Cancer Research UK has announced a first-in-human trial to bring a novel immunotherapeutic vaccine strategy to patients with lung cancer.
The treatment, which is part of a partnership between the charity and Vaccitech Oncology, is designed to stimulate the body’s immune system to attack cancer cells. Known as VTP-600, it is designed on the back of Vaccitech’s proprietary viral vector platform, and aims to deliver cancer-associated antigens (MAGE A3 and NY-ESO-1) to antigen presenting cells called dendritic cells, causing the immune system to produce cytotoxic T cells, which target and kill cancerous cells expressing the antigens.
The project marks the first time that a viral vaccine programme using this platform will be tested in the treatment of non-small cell lung cancer (NSCLC), with separate clinical trials also ongoing to test similar recombinant virus vaccines to treat people with late-stage prostate cancer.
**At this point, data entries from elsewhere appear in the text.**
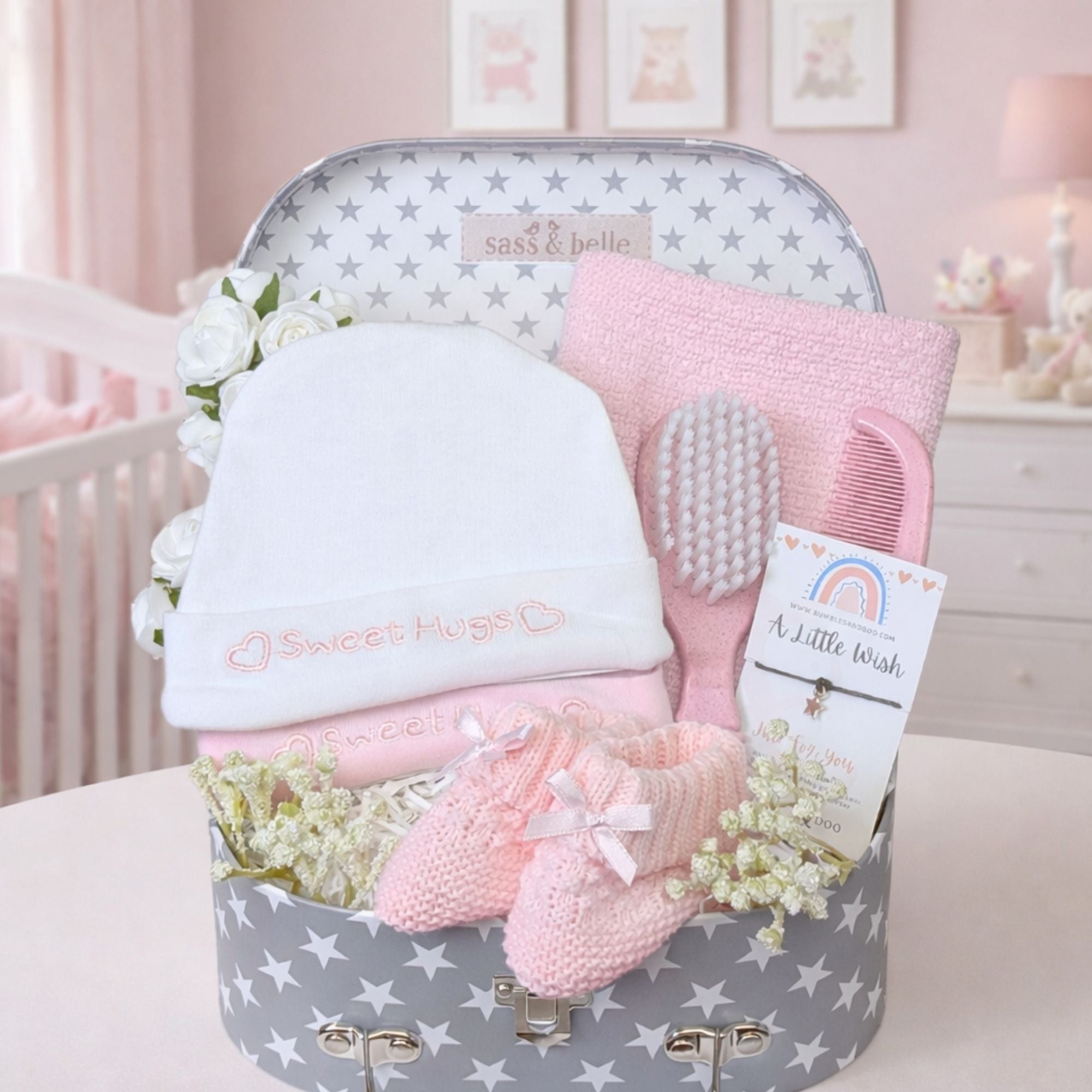Baby girl hamper with gifts including hats which read sweet hugs in embroidery and pink accessories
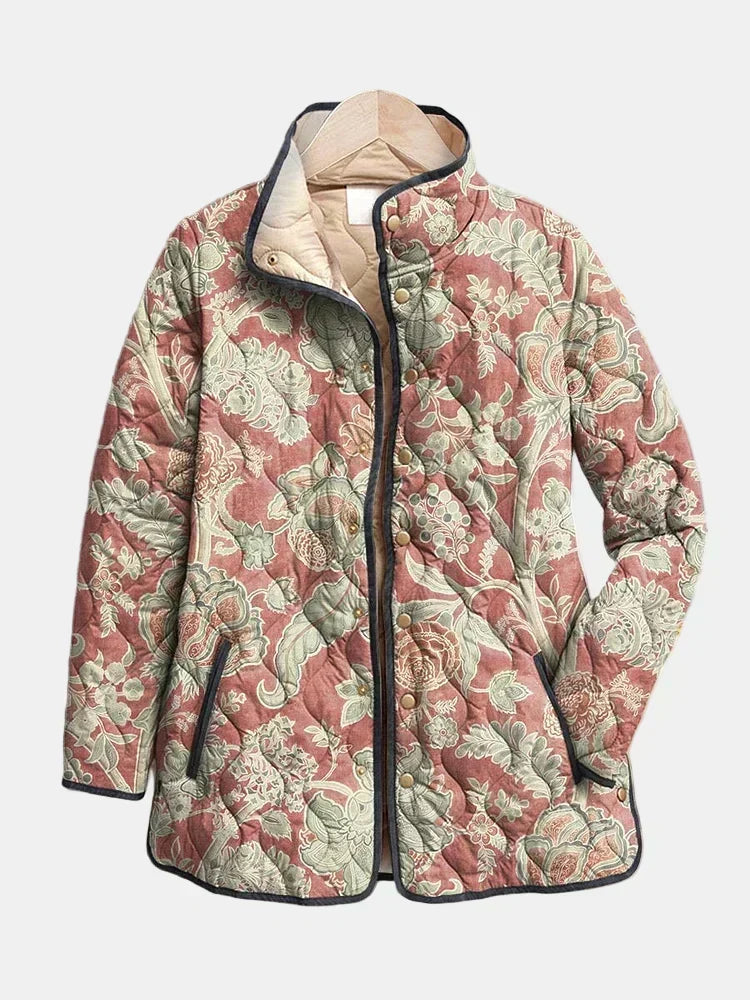 Quilted floral jacket with stand collar, button placket, multicolor pattern and dark trim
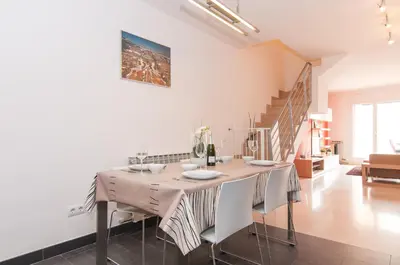 a dining room with a table and some chairs at Private terrace at Sagrada Familia in Barcelona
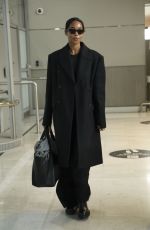 LAURA HARRIER in a Black Ensemble at Paris Airport 01/26/2025
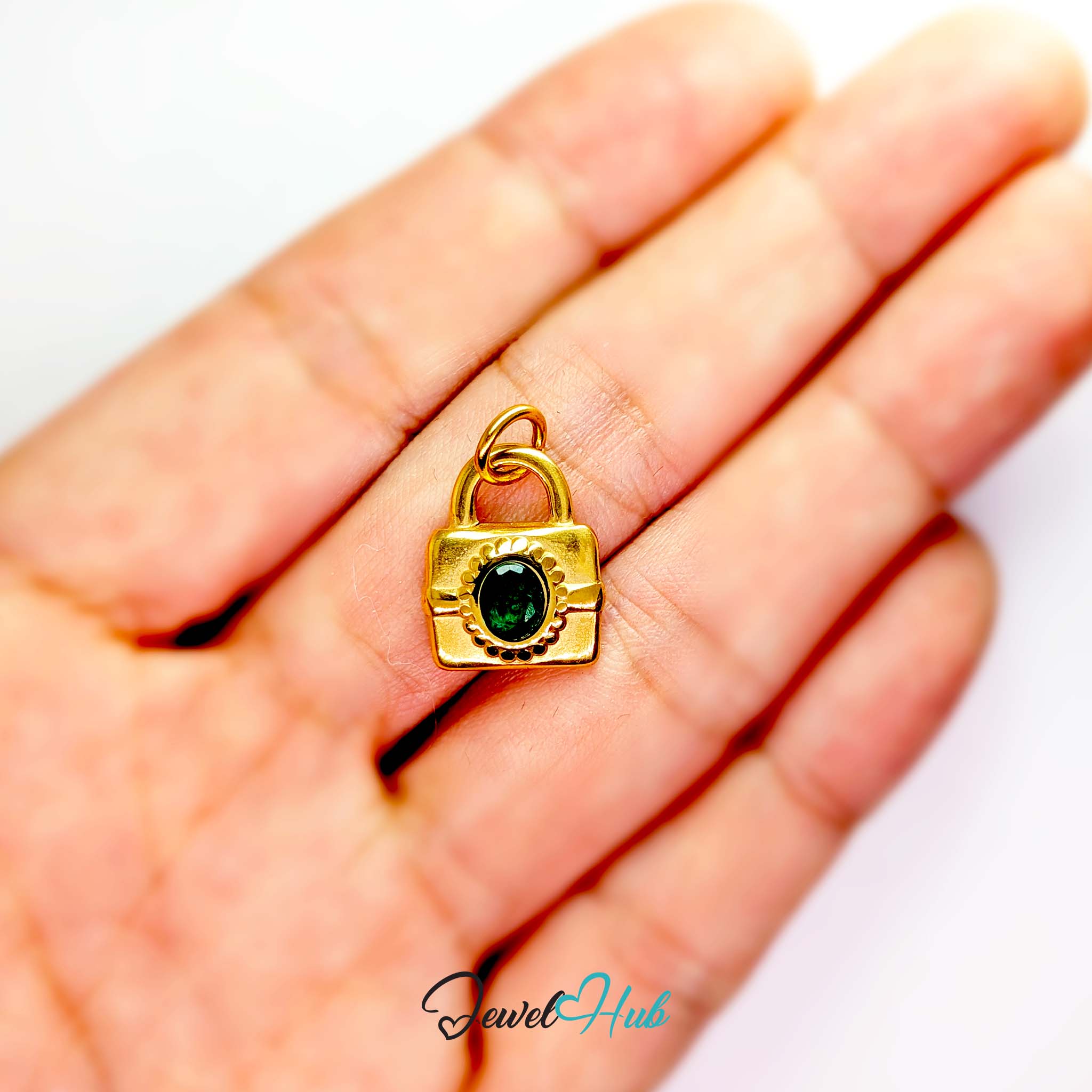 Green stone padlock charm in gold stainless steel - held in the hand for scale - JewelHub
The collaboration is an “important step to help accelerate this promising immunotherapy and could help more people survive lung cancer, which remains very hard to treat” explained Dr Nigel Blackburn, Cancer Research UK’s director of drug development.
He continued, “This novel approach using a modified adenovirus to prime the immune system and alert it to the presence of cancer cells could offer a completely new way to treat the disease.”
The charity revealed that the trial will enrol approximately 80 people who have been diagnosed with NSCLC, and is due to start at the end of 2020. It will be conducted across multiple sites in the UK, through the Experimental Cancer Medicine Centre (ECMC) network.
Every year around 41,700 people are diagnosed with NSCLC in the UK, which accounts for around 88% of all lung cancer cases. New treatments are urgently needed, as only around 5% of people survive lung cancer for 10 years or more in the UK.